Artpace Teen Council: Three Female Artists from History You Need to Know About by Madison Mesa
The Artpace Teen Council is a nine-month, paid program designed for San Antonio area high school students (15–18 years old) to become advocates for contemporary art and young leaders in their community. Teen Council members work with Artpace staff and artists to develop teen programs, support Artpace events, and create community-based projects throughout the school year.
This year, Teen Council members will research and write an Artpace blog entry about the innovative art and artists.
Three Female Artists from History You Need to Know About by Madison Mesa
Growing up with a passion for the visual arts, names such as Van Gogh, Monet, and of course, the all–around Renaissance man, Leonardo da Vinci, were ones I would commonly hear, whether that be through school or my own research. Either way these male artists would be ones I was deeply familiar with through my younger years, and it wasn’t until I was older that I began to learn about the numerous, but not as well known, female artists. So here are three fantastic women who made a considerable impact in the art world and deserve some recognition for that.
I was lucky enough to learn about this amazingly talented artist during my freshman year of high school, and because of the very in depth and animated lesson I received on her, Artemisia Gentileschi was just one of the artists I knew I had to include on this. Gentileschi contained the ability to illustrate a dramatic narrative from a feminist perspective that empowered and humanized female subjects. Gentileschi was an Italian Baroque painter during the Renaissance and from a young age, proved to be a gifted artist. From the age of 15 she was already producing professional work.

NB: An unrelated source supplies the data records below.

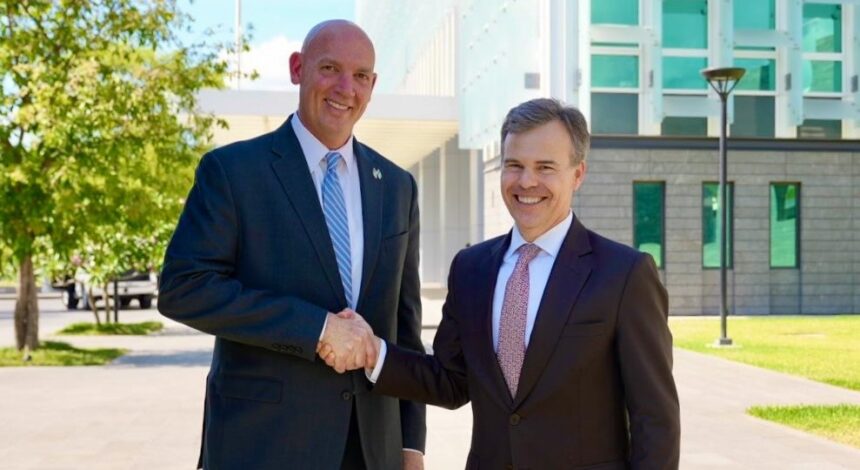 Washington appoints Jorgan K. Andrews as chargé d’affaires of the US Embassy in Guatemala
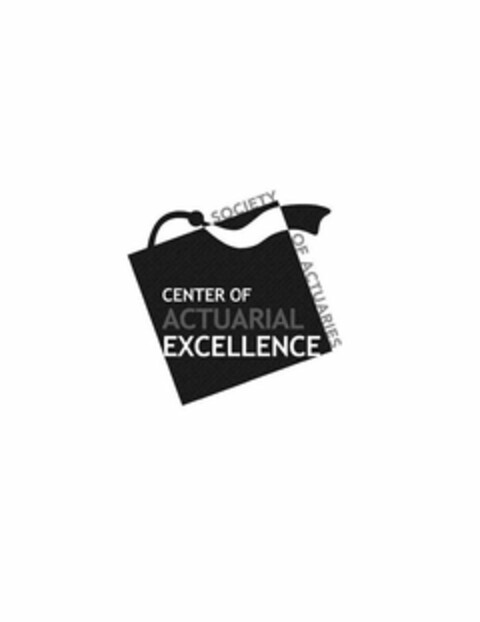 SOCIETY OF ACTUARIES CENTER OF ACTUARIAL EXCELLENCE Logo (USPTO, 17.11.2010)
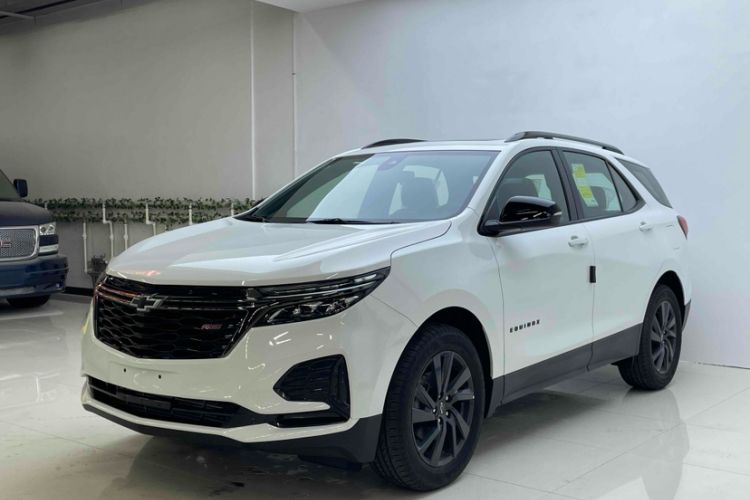 Used Chevrolet Equinox 2023 Mild Hybrid 2.0T RS Smart Boundary-Pushing Edition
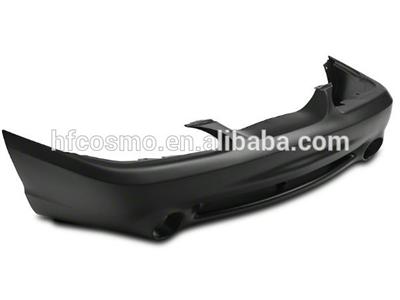 front auto plastic bumper CAR REAR BUMPER GUARD for COROLLA 2014-ON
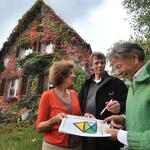 Beratung mit Energie-Check-Bogen 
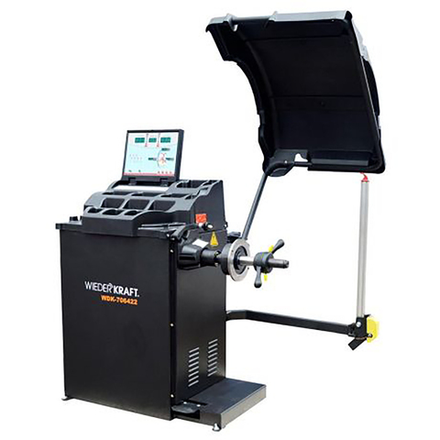 WDK-706322 (УЦЕНКА) Балансировочный стенд с автоматическим измерением двух параметров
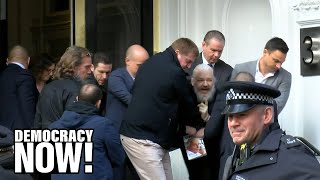 Julian Assange of WikiLeaks Arrested in London; Faces U.S. Charge Related to Chelsea Manning Leaks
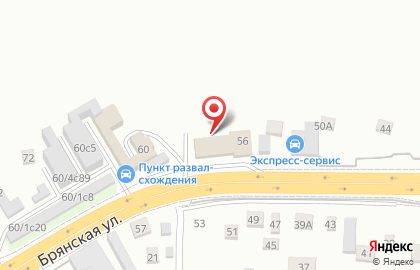 Шиномонтажная мастерская ПКФ Элви на карте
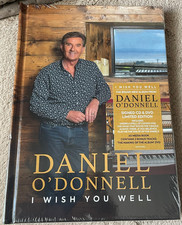 Daniel O'Donnell I wish you well CD/DVD/Book Ltd Edition New/Sealed Free UK Post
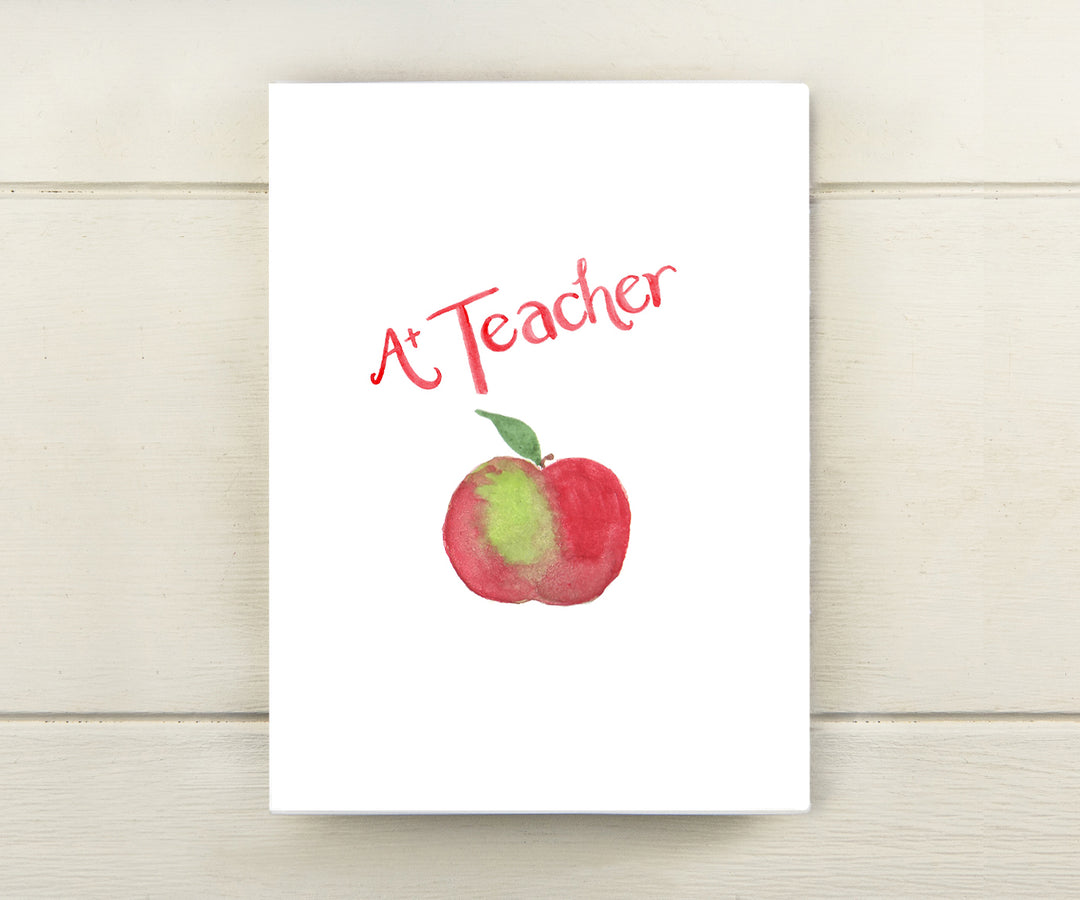 Teacher Apple Card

Originally having apprenticed her father and learning the craft from him, but as her skill level advanced, Artemisia became a pupil of her father’s friend, Agostino Tassi, who would end up violating a young Artemisia Gentileschi. Because of his actions, Artemisia was subjected to a series of taxing questions and cruel torture. These events would inspire her to create a scene written by Caravaggio. In “Judith Slaying Holofernes”, we witness Judith and another woman focusing on the task at hand. Sleeves rolled up and eyes staring intently at the struggling man as they prepare to commit the gruesome deed. This artwork allowed Artemisia to seek revenge and process the trauma enforced upon her from the assault.
As this feminist artist did in many of her pieces, she depicted women as aware heroines in charge of their own stories, rather than the unresisting, obedient, submissive, subjects of the male gaze. An example of this could be seen in her recreation of “Susanna and the Elders” (1610). Normally, the subject, Susanna, is made unaware, or sometimes even portrayed as flirtatious, as two scopophilia elders spy on her as she bathes in what is a huge invasion of privacy. Fortunately, Gentileschi went another route so that we now see Susanna reacting to the voyeuristic elders, showing that it’s a scarring event, one that should not go ignored.
Laura Wheeler Waring
Laura Wheeler, an active figure during the height of the Harlem Renaissance, was an African American artist and educator, best known for her paintings depicting worldly and noble working-class portraits of African Americans, capturing both famous and unknown individuals. Wheeler’s works would counteract the various racial stereotypes members of the black community commonly received during this time period. Several of her illustrations would appear in books and magazines.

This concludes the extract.